Elias Machado e Marcos Palácios relatam o modelo híbrido construído pelo Grupo de Pesquisa de Jornalismo On-line da Universidade Federal da Bahia, combinando procedimentos quantitativos e qualitativos para compreender e conceituar o processo de produção jornalística no ciberespaço. Além de adotar diretriz de natureza cumulativa (consolidando e revisando o conhecimento registrado) e coletiva (articulando pesquisadores em diferentes estágios cognitivos), o GJOL optou pela estratégia comparativa (atuando em rede e mobilizando grupos situados em distintos espaços nacionais), bem como pela pesquisa aplicada (transferindo imediatamente o conhecimento validado para uso didático em jornais-laboratório ou para teste experimental em agências noticiosas). Trata-se de contribuição relevante para reduzir a distância entre teoria e prática e para sinalizar que a pesquisa universitária pode romper a inércia que a tem relegado ao papel de prisioneira do gueto acadêmico. [O conceito de gueto acadêmico está esboçado em MARQUES DE MELO, José – Jornalismo Brasileiro, Porto Alegre, Sulina, 2003, p. 162-171.]

Conquista de legitimação

Os autores reunidos nesta coletânea fazem parte da geração que, a partir dos anos 90, vem conquistando espaços significativos na vanguarda da academia brasileira. São representantes das diferentes correntes teóricas que disputam a liderança dos estudos jornalísticos. [A propósito dessas correntes teóricas, vale a pena consultar o ensaio ‘Trajetórias da pesquisa em comunicação’, escrito por RUDIGER, Francisco – Ciência Social Crítica e Pesquisa em Comunicação, São Leopoldo, Editora Unisinos, 2002.] A leitura de suas anotações metodológicas ajuda a compreender os rumos que está tomando a pós-graduação na área. Certamente sua publicação servirá de estímulo para que as correntes aqui não representadas tomem idêntica iniciativa, no sentido de explicitar seus enraizamentos epistemológicos e suas estratégias investigativas.

Pois o fortalecimento do Jornalismo como disciplina universitária depende fundamentalmente da sua validação pelos agentes púbicos atuantes em organismos oficiais de credenciamento, avaliação e certificação de qualidade. Esses pares acadêmicos, geralmente ancorados em disciplinas conexas ou distantes, recorrem com freqüência a indicadores universais para emitir parecer sobre o mérito dos projetos de pesquisa ou dos seus relatórios finais.

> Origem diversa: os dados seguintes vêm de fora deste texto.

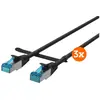 Image de Bluebuilt Câble réseau STP CAT6 0,5 mètres Noir 3-pack (STP, CAT6, 0.50 m), Câble réseau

O propósito deste livro é justamente o de incitar os jovens pesquisadores, especialmente aqueles engajados em programas de mestrado e doutorado, a buscar competência metodológica que os habilite a ascender academicamente, sem perder sua identidade jornalística. Nesse sentido, trata-se de obra lúcida e abrangente, organizada a partir de múltiplas apropriações de objetos de interesse dos profissionais da área, bem como de outros agentes sociais.

As professoras Marcia Benetti e Cláudia Lago estão cobertas de razão ao suscitar a fragilidade do ‘discurso sobre o método’ constante dos documentos produzidos pela nossa micro-comunidade de pesquisadores do Jornalismo.

Não basta fazer pesquisa de qualidade, focalizando temas relevantes e problemas cruciais. É preciso explicitá-la de modo compreensível, favorecendo sua imediata assimilação pelos agentes profissionais que poderão fazer aplicações imediatas no interior do sistema produtivo.

Mas não se pode negligenciar a exposição das estratégias metodológicas e até mesmo das opções taxonômicas feitas no processo de construção das hipóteses de trabalho. Este é um requisito imprescindível para o diálogo com interlocutores externos, muitos deles responsáveis pela tomada de decisões sobre o fomento científico, cujas leituras são feitas de acordo com códigos transdisciplinares.

Apesar de o método científico adequar-se necessariamente ao objeto pesquisado, justificando o fortalecimento das identidades acadêmicas, na verdade a linguagem científica é uma só, validada por colégios invisíveis situados em diferentes quadrantes da geografia.

Ficar atento a esse detalhe constitui o ponto de partida para a obtenção de coeficiente positivo de comunicabilidade entre pesquisadores de uma mesma área, dentro do mundo acadêmico. Mas também para a conquista de legitimação satisfatória por parte de disciplinas ainda em fase de reconhecimento institucional, como é o caso do Jornalismo.